Un homme condamné pour harcèlement en ligne et menaces à l’encontre de la journaliste Christine Kelly

procès Le prévenu avait adressé plusieurs messages à la journaliste de CNews, la traitant notamment de « potiche aliénée »

20 Minutes avec agences
Christine Kelly, lors de la cérémonie de remise des de trophées internationaux du stylographe, le 26 septembre 2022,.
Christine Kelly, lors de la cérémonie de remise des de trophées internationaux du stylographe, le 26 septembre 2022,. — Woytek Konarzewski/SIPA

Un homme de 50 ans a été condamné ce mercredi en son absence à Paris à 18 mois d’emprisonnement avec sursis pour avoir harcelé en ligne la journaliste de CNews Christine Kelly.

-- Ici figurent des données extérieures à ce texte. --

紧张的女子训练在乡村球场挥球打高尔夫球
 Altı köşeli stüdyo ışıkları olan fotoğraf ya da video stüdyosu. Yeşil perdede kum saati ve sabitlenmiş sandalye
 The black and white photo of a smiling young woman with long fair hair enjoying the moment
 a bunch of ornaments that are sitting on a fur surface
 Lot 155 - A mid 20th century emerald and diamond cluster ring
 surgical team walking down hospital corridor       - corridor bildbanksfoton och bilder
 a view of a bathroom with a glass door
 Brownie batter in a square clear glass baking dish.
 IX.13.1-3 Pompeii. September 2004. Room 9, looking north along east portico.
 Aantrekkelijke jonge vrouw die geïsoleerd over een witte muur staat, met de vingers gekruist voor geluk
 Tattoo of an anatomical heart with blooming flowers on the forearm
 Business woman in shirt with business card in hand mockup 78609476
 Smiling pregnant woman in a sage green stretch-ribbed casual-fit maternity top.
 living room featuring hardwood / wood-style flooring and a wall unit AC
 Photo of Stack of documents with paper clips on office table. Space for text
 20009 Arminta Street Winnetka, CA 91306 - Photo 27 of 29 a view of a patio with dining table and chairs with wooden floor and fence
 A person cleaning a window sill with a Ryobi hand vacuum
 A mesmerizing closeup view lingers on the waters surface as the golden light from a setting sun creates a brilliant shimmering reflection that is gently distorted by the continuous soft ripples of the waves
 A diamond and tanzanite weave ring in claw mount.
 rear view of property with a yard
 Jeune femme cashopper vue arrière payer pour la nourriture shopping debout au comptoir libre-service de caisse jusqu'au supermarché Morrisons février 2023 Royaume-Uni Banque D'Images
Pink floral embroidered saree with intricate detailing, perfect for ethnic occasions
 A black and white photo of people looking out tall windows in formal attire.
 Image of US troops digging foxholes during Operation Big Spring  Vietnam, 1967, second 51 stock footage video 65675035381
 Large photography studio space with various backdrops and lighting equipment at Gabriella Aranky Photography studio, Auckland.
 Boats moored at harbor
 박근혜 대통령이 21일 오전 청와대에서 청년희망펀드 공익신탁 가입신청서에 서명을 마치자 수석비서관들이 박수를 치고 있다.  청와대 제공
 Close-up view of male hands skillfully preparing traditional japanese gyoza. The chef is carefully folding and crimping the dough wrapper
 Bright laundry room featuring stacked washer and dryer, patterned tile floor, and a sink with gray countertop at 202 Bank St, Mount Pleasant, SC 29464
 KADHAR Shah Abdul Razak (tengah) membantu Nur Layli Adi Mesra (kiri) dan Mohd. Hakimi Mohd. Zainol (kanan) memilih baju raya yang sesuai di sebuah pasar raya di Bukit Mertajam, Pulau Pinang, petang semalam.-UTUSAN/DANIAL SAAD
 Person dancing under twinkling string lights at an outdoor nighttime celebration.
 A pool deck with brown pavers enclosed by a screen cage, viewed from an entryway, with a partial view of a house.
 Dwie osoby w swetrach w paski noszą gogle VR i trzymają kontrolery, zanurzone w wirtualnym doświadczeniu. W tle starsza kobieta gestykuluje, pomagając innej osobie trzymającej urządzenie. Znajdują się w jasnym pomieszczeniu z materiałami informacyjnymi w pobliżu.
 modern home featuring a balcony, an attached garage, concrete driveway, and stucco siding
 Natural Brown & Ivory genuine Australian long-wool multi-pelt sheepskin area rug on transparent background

Le jugement impose en outre une interdiction de contact de Patrick K. avec la journaliste pendant cinq ans, ainsi qu’un stage de citoyenneté et le versement de 10.000 euros de dommages et intérêts au titre du préjudice moral.

Absent à l’audience du 28 septembre et non représenté par un avocat, cet ingénieur informaticien d’origine camerounaise se présentant comme « écrivain », avait rédigé, en novembre 2021, un mail suivi de plusieurs messages sur la ligne privée de la journaliste de CNews en la menaçant de « l’échafaud médiatique ». « Le couperet tombera immanquablement sur votre tête bien faite », menaçait-il.

« Une peine exemplaire »

Plus tôt, en 2020, il avait posté une « lettre ouverte » sur les réseaux sociaux où il s’en prenait avec véhémence à la journaliste, la traitant notamment de « potiche aliénée », de « négresse blanche », de « gourde » et de « cruche ». Le tribunal est allé au-delà des réquisitions de la procureure qui, parlant de messages « virulents, insultants, dénigrants et humiliants », avait requis un an avec sursis et 1.000 euros d’amende.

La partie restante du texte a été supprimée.